2. 第48回海洋環境保護委員会(MEPC48)
 第48回海洋環境保護委員会(MEPC48)を主催する国際海事機構(IMO)は、国際連合にかかわる1機関で英国ロンドンにある。ここでは、海事における条約等の制定や審議等が行われる。その中で行われたMEPC48は、その名の通り、海洋環境を保護することを目的とした、条約等の審議が行われる国際会議である。
 このような条約等の、各国の権利にも影響するようないわば法律的な国際会議は、当方はまったく初めてであったので、その内容は正直言って全てが驚きであった。まず、学会なら、職場の許可が得られれば、後は個人的に登録できるが、この会議では、外務省を通して登録しなければならない。当方は、日本代表団率いる国土交通省の関係各位、また、当研究所の領域長・研究統括主幹・副主幹をはじめとして多くの方々のおかげで、本YME使節員に選出されたのが開催約2週間前であったにもかかわらず、登録を行うことが出来た。また、学会では、館内放送の呼びかけに際してはparticipant(参加者)と呼ばれるが、この会議ではdelegate(代表)と呼ばれ、会議の各人がまさに国益を背負っていることを痛感させられた。同時に、国の代表だけでなく、グリーンピースを初めとするNGO等や、海事に関係する各種団体も参加していた。

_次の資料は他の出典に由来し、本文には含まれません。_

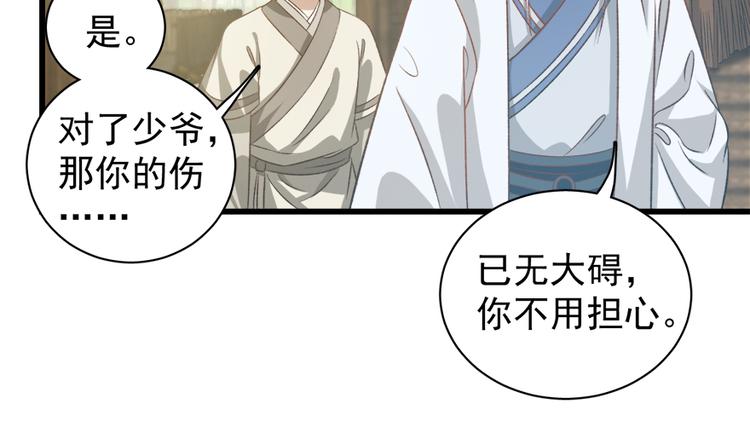 第五十话(1/2)-第50话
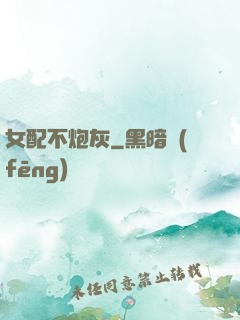 女配不炮灰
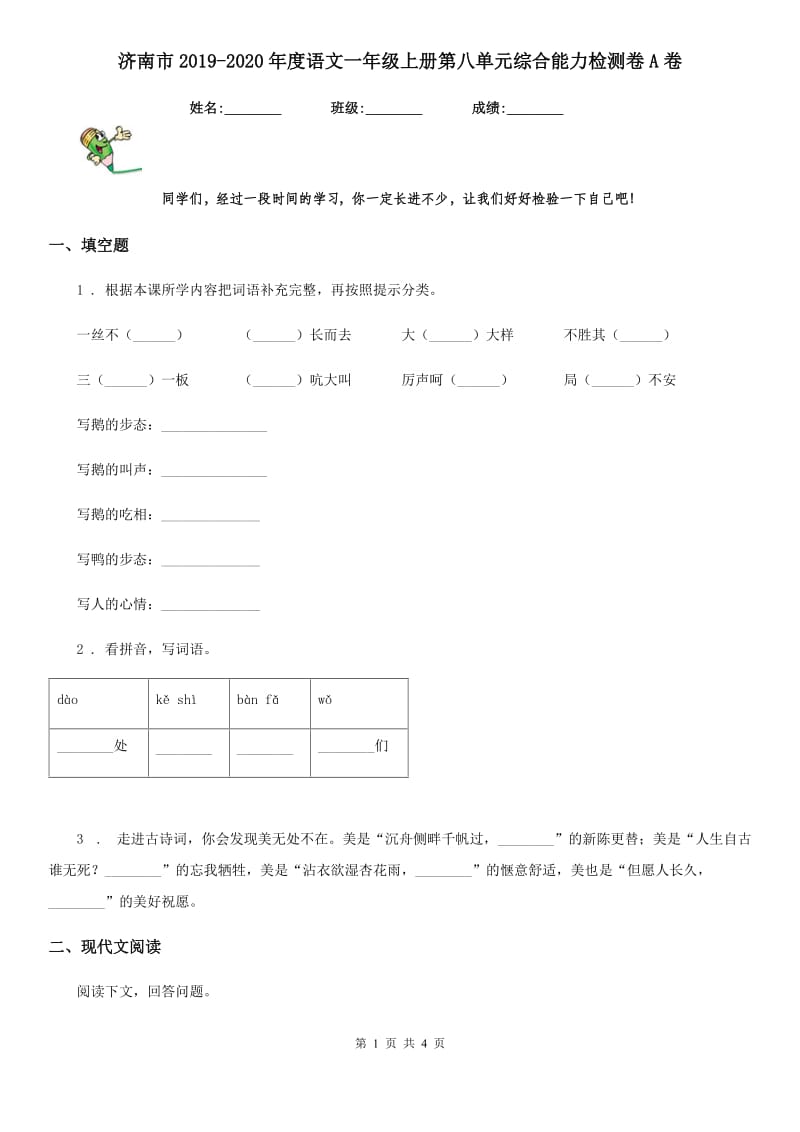 济南市2019-2020年度语文一年级上册第八单元综合能力检测卷A卷_第1页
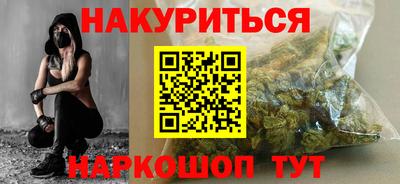 а пвп мука Заводоуковск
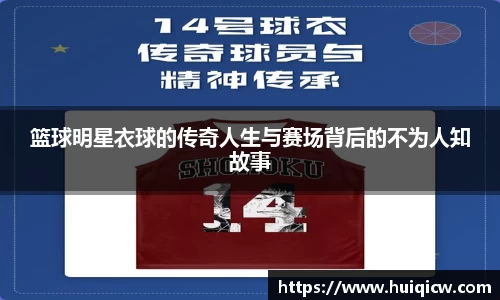 必一运动科技有限公司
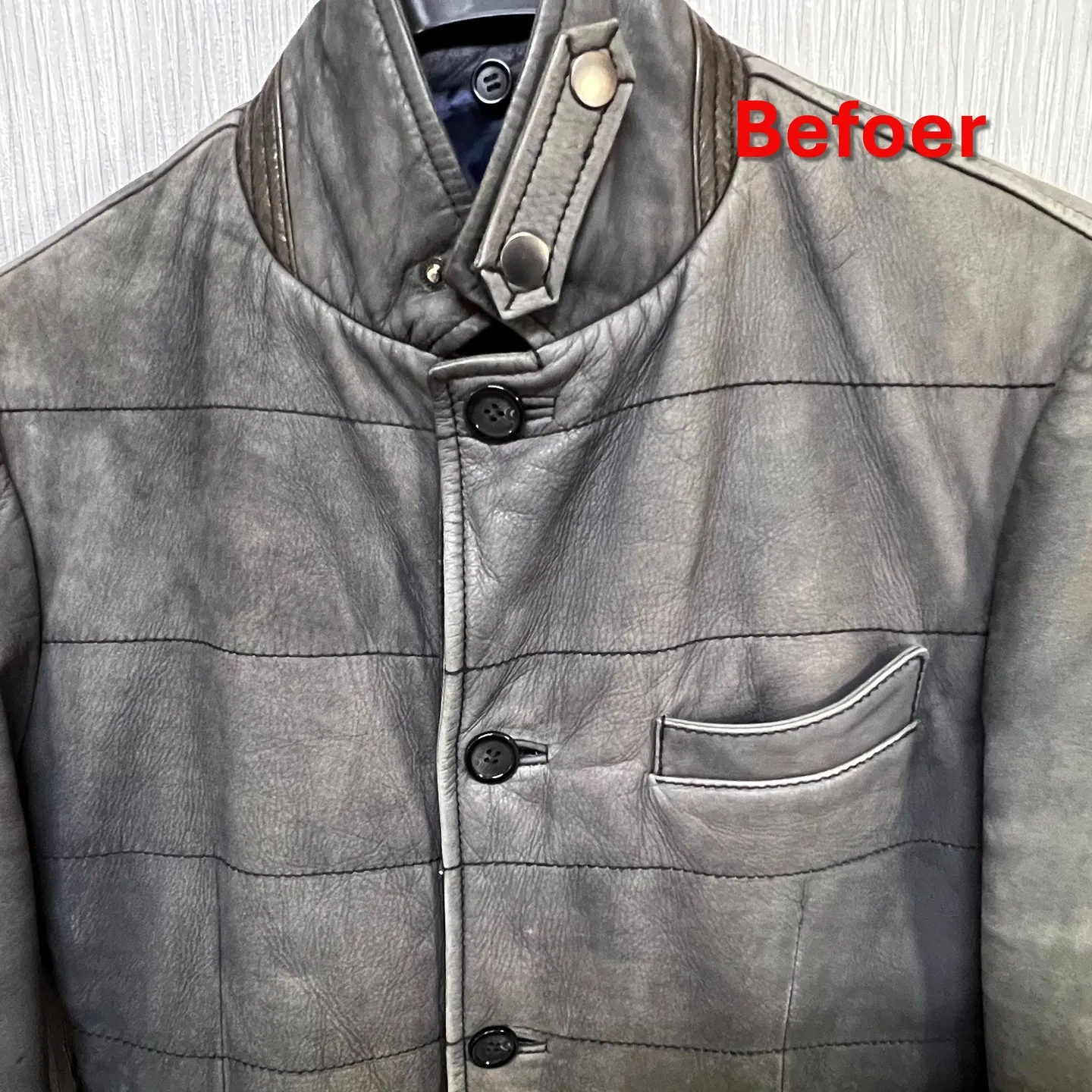 東京世田谷 革製品の修理工房マスミヤ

 会議の進め方は、まず最初に各議題を採択し、その後順に議題について審議が行われる。本委員会では、表1に示す議題について審議がおこなわれた。なお、各議題のうち、議題2、3、4については作業部会が設置され、その中でさらに詳しい審議が行われた。当方は、自分の専攻分野(燃焼学)から、議題4「船舶からの大気汚染の防止」を担当することになった。以下、この議題を中心に述べさせていただく。
 この議題4において特に重要なこととして、a)船舶からの大気汚染防止に関するMARPOL73/78条約附属書VIの発効について、そして、b)温室効果ガスの排出の削減に関することが上げられる。
a)に関しては、現時点に於いて批准準備が整いつつある国がさらに増加し、近々にも本附属書の発効要件が満たされることになった。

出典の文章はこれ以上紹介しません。